● SOURCE DATA:
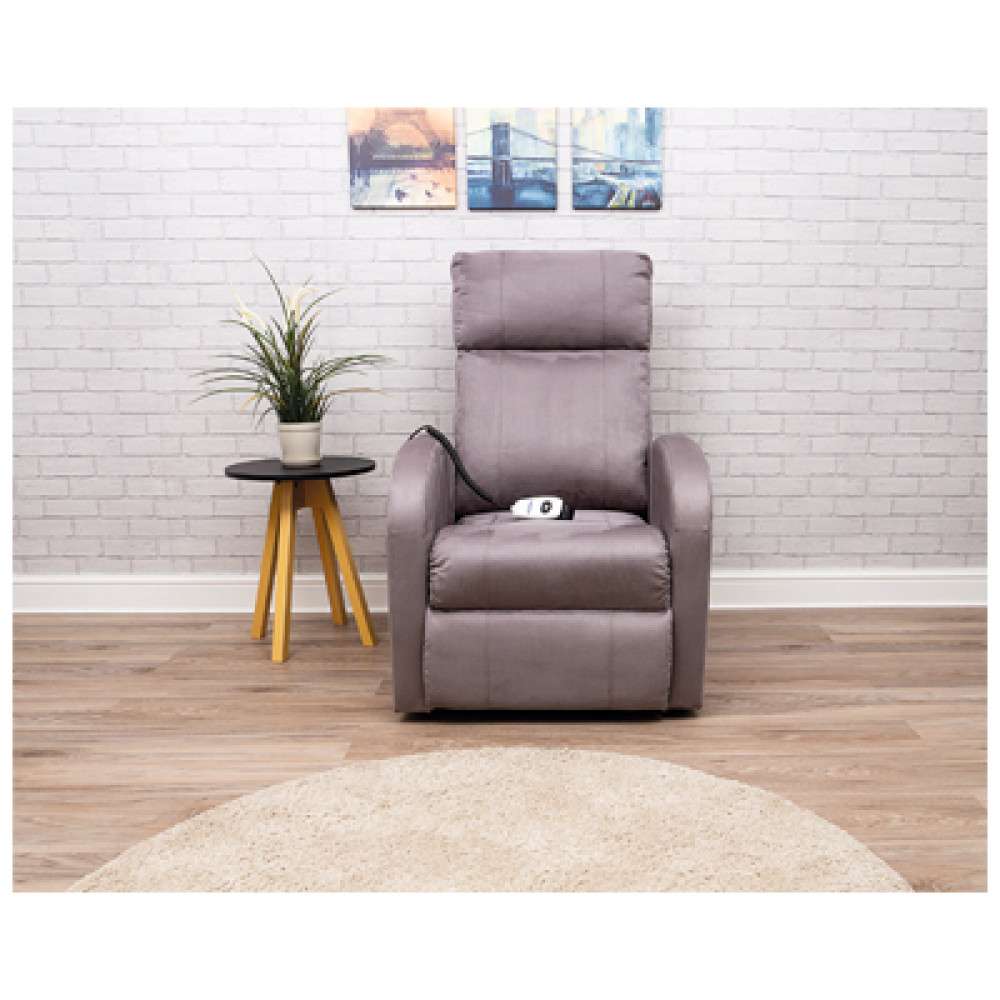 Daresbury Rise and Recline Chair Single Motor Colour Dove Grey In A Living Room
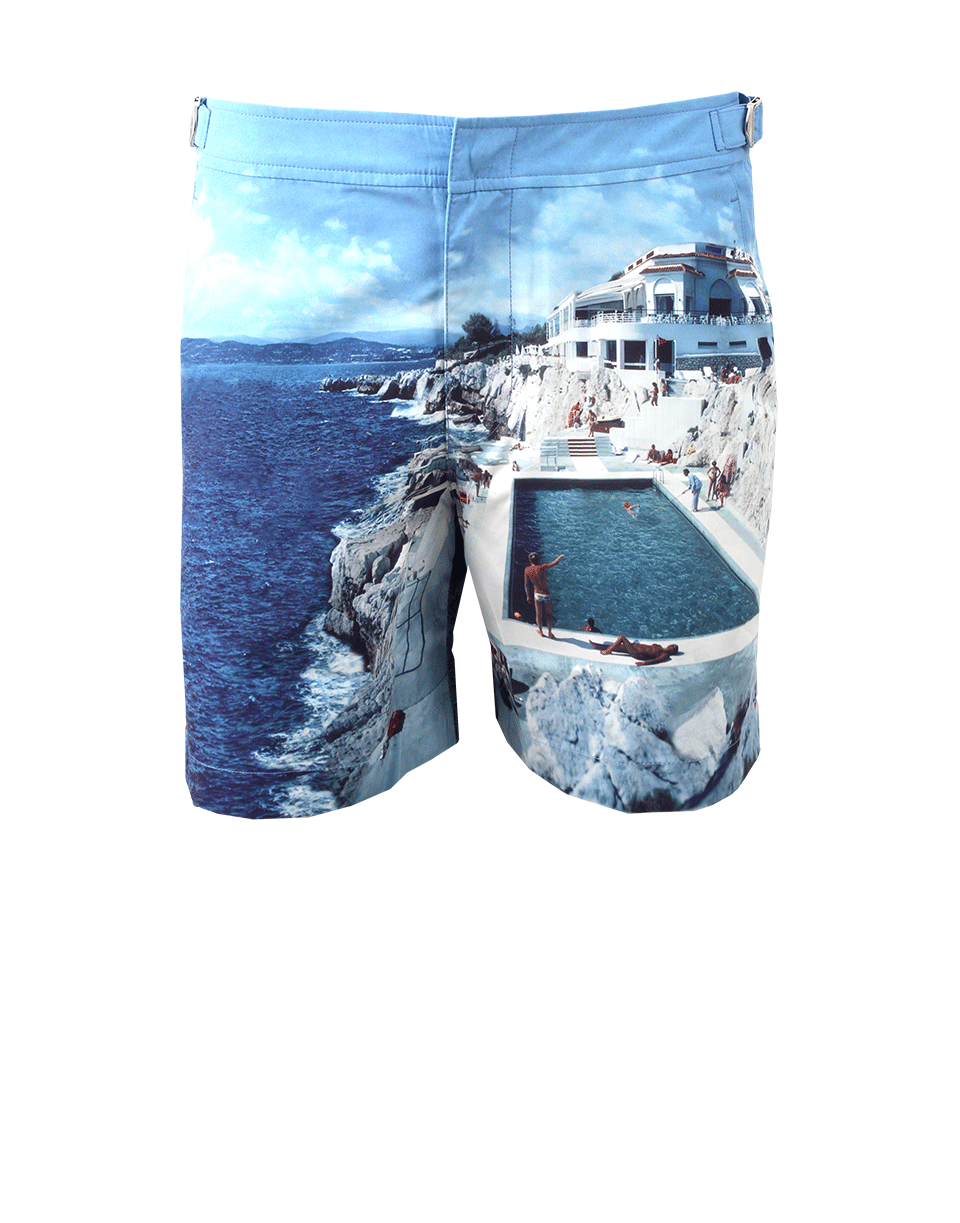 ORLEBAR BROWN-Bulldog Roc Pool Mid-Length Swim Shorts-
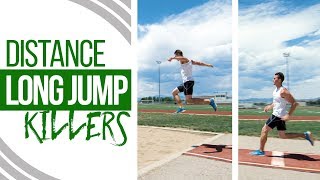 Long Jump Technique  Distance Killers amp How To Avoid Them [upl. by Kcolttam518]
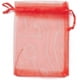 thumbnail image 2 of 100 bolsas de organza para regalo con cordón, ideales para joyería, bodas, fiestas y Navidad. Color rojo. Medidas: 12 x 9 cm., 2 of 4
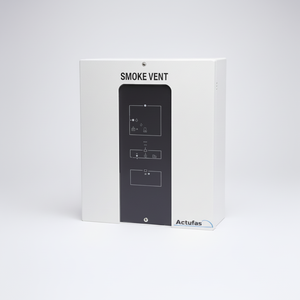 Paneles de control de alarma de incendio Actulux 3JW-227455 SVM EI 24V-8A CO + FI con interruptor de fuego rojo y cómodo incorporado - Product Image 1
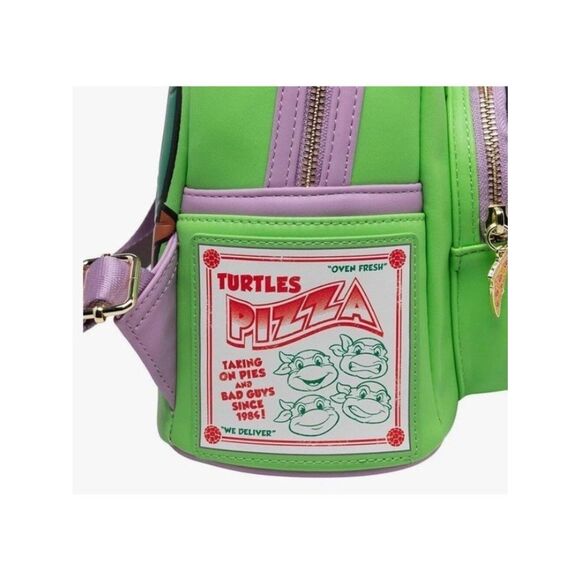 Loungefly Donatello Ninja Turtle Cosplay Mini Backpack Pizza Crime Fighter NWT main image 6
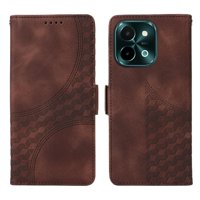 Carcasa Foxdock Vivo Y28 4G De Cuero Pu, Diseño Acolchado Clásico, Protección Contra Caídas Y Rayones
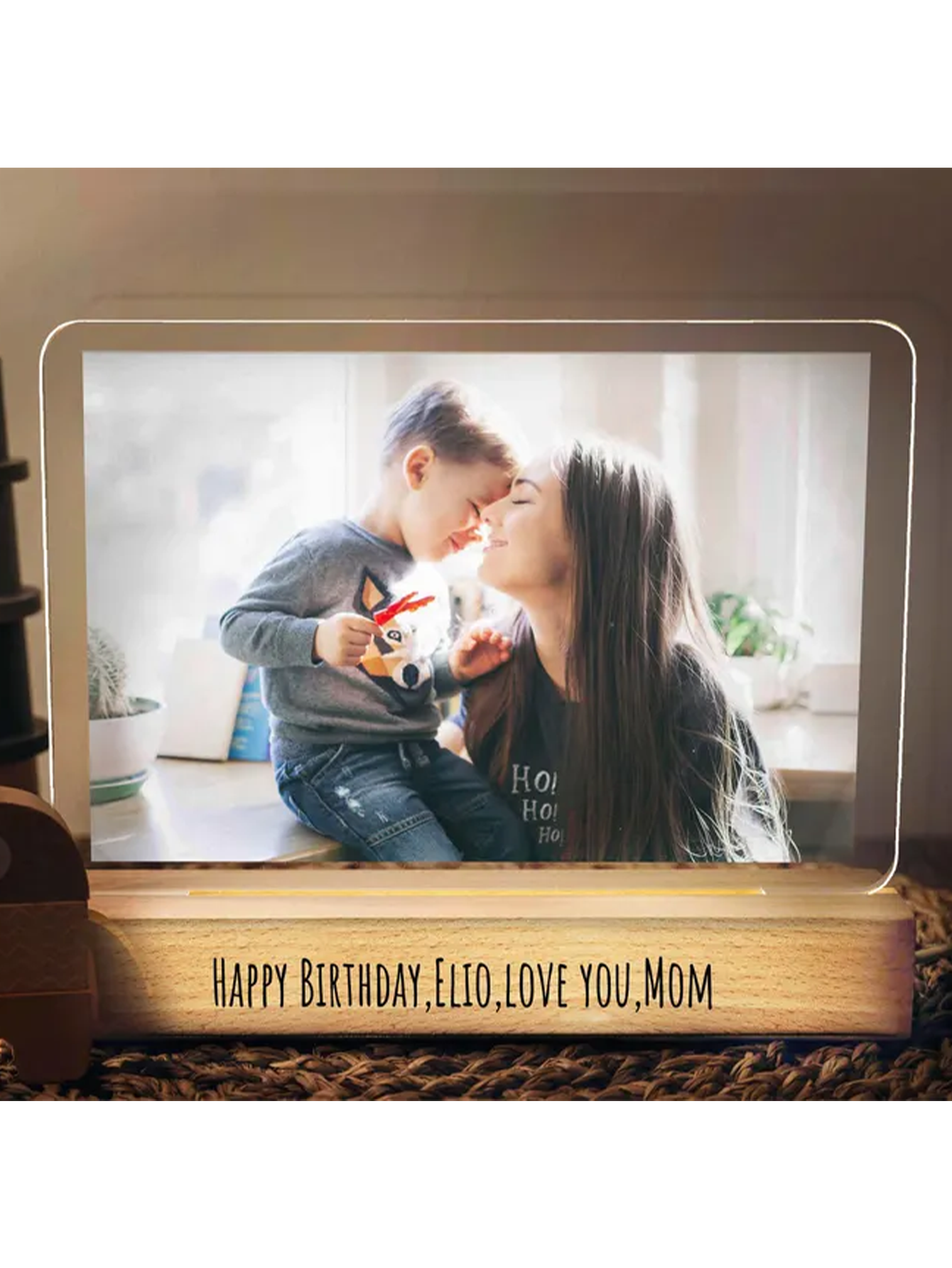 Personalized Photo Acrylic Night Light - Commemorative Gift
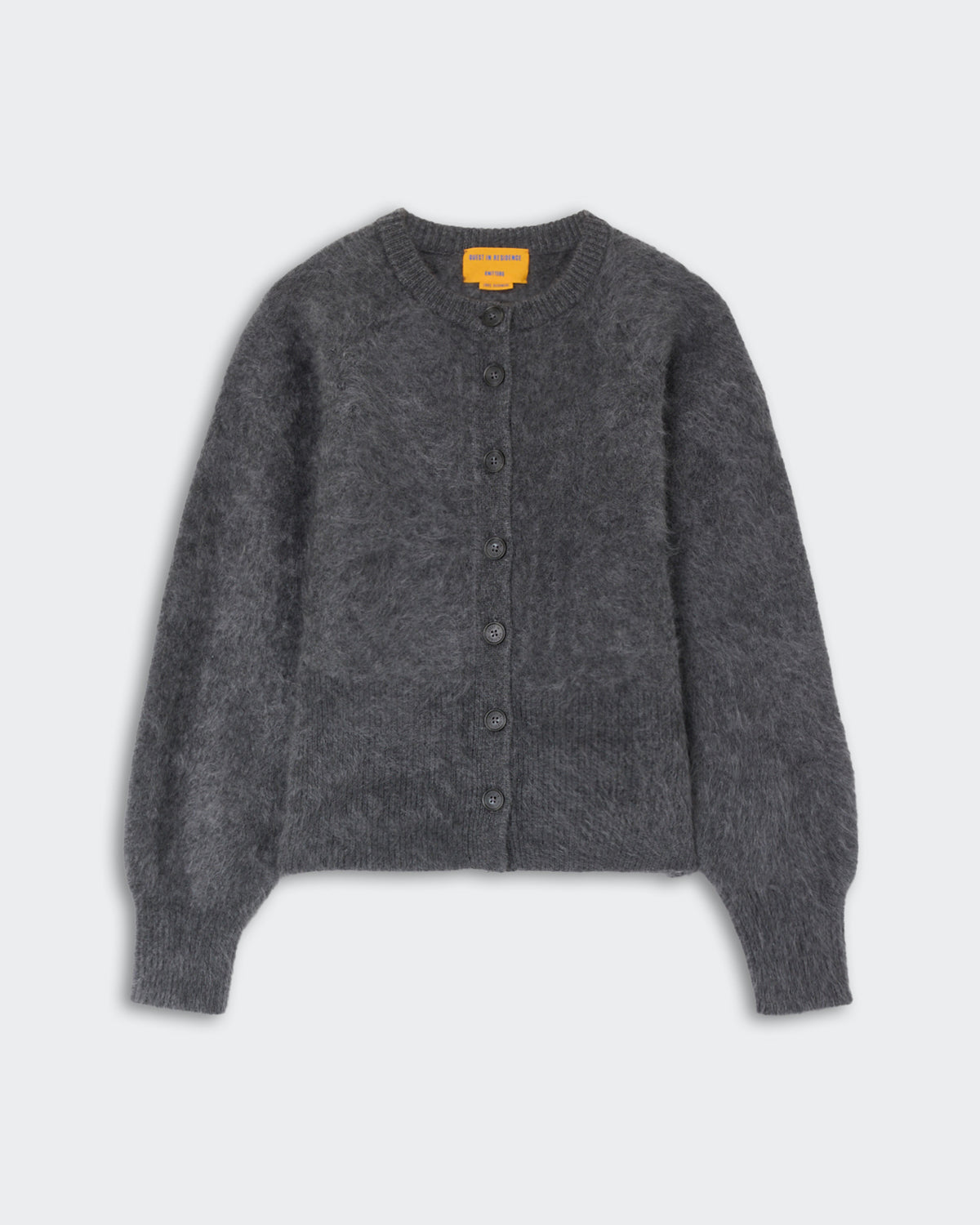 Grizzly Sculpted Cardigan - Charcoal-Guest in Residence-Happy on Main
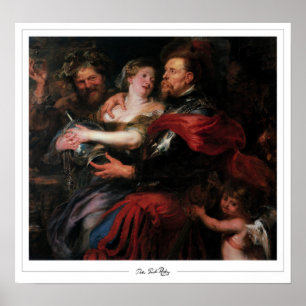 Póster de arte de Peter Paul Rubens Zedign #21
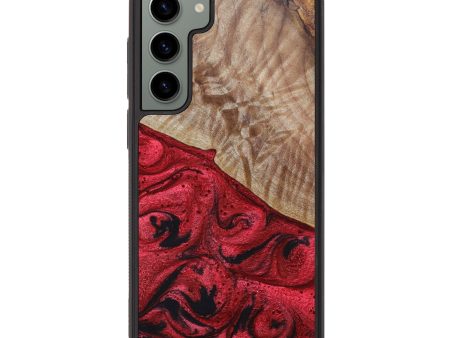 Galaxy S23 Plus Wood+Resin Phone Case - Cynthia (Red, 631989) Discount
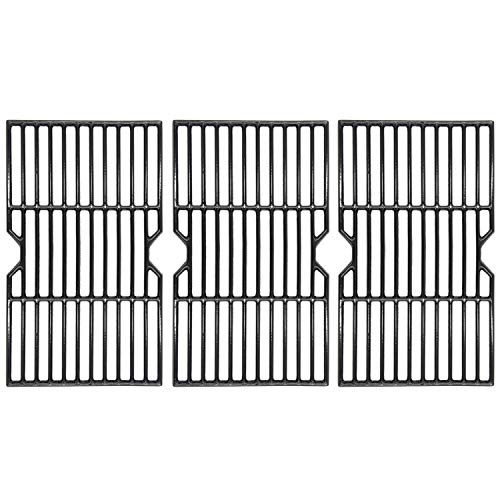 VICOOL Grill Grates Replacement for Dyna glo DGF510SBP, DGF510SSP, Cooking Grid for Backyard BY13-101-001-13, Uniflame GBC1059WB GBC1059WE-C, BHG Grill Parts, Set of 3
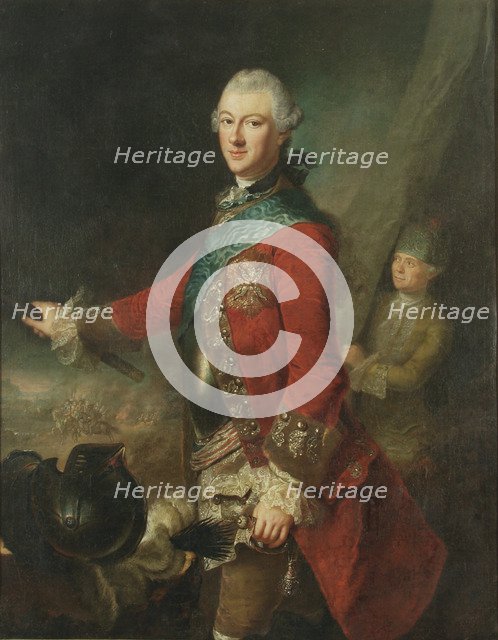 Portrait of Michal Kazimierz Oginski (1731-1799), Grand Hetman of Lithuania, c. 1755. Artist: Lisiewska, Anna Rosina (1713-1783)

● TASK TO CARRY OUT: Every line from the one that holds "Galaxy S23 Plus" to the end of the listing should be output exactly, with pictures left out, please.

● TASK RESPONSE:
 Galaxy S23 Plus Wood+Resin Phone Case - Cynthia (Red, 631989) Discount
 VICOOL Grill Grates Replacement for Dyna glo DGF510SBP, DGF510SSP, Cooking Grid for Backyard BY13-101-001-13, Uniflame GBC1059WB GBC1059WE-C, BHG Grill Parts, Set of 3
 Portrait of Michal Kazimierz Oginski (1731-1799), Grand Hetman of Lithuania, c. 1755. Artist: Lisiewska, Anna Rosina (1713-1783)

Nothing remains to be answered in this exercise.